→ **WHAT THE TASK REQUIRES**:
Transcribe all the data below exactly, leaving its pictures out.

→ **THE DATA**:
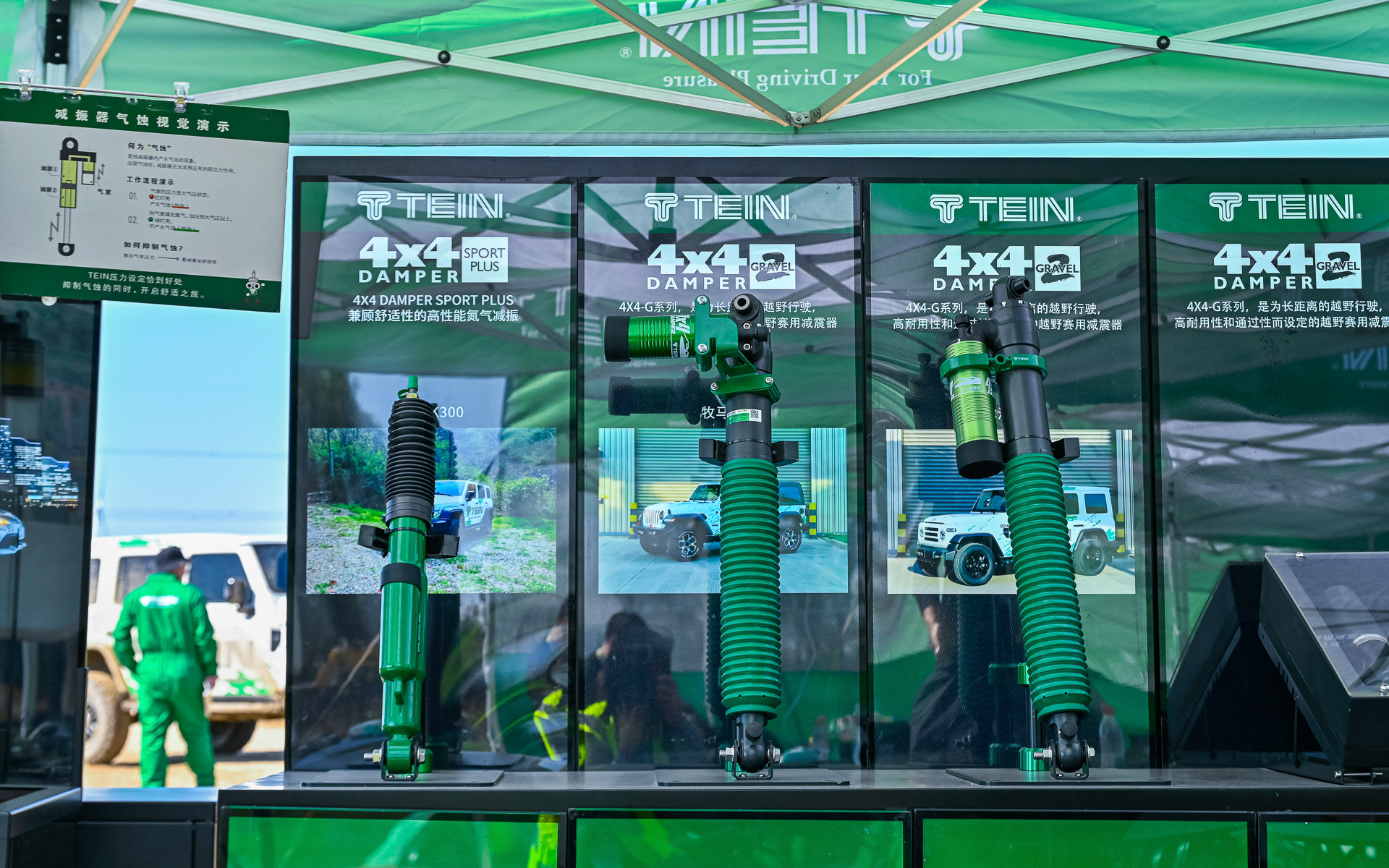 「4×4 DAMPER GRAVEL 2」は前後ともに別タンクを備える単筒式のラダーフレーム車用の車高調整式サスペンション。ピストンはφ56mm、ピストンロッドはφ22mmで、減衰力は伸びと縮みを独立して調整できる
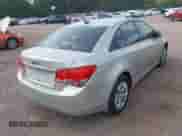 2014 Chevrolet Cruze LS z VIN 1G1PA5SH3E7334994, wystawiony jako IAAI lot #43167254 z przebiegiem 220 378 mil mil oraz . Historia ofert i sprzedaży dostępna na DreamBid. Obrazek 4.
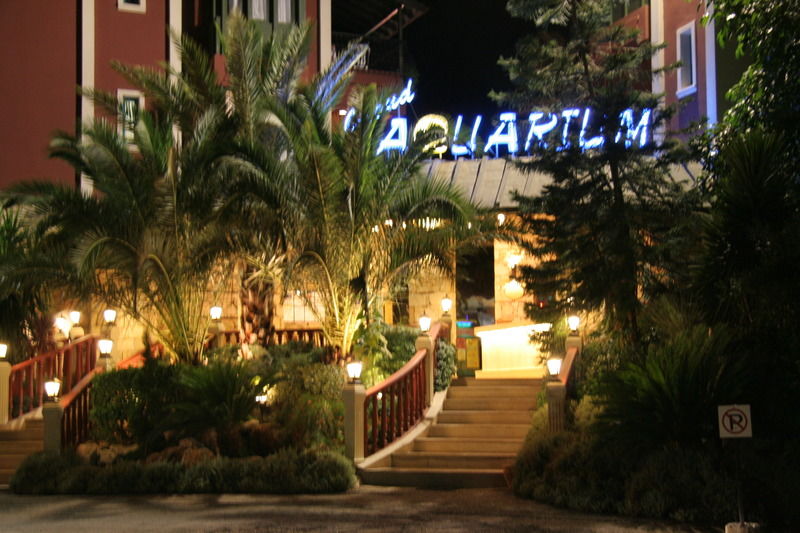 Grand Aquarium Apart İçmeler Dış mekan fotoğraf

→ **OUTPUT**:
 「4×4 DAMPER GRAVEL 2」は前後ともに別タンクを備える単筒式のラダーフレーム車用の車高調整式サスペンション。ピストンはφ56mm、ピストンロッドはφ22mmで、減衰力は伸びと縮みを独立して調整できる
 2014 Chevrolet Cruze LS z VIN 1G1PA5SH3E7334994, wystawiony jako IAAI lot #43167254 z przebiegiem 220 378 mil mil oraz . Historia ofert i sprzedaży dostępna na DreamBid. Obrazek 4.
 Grand Aquarium Apart İçmeler Dış mekan fotoğraf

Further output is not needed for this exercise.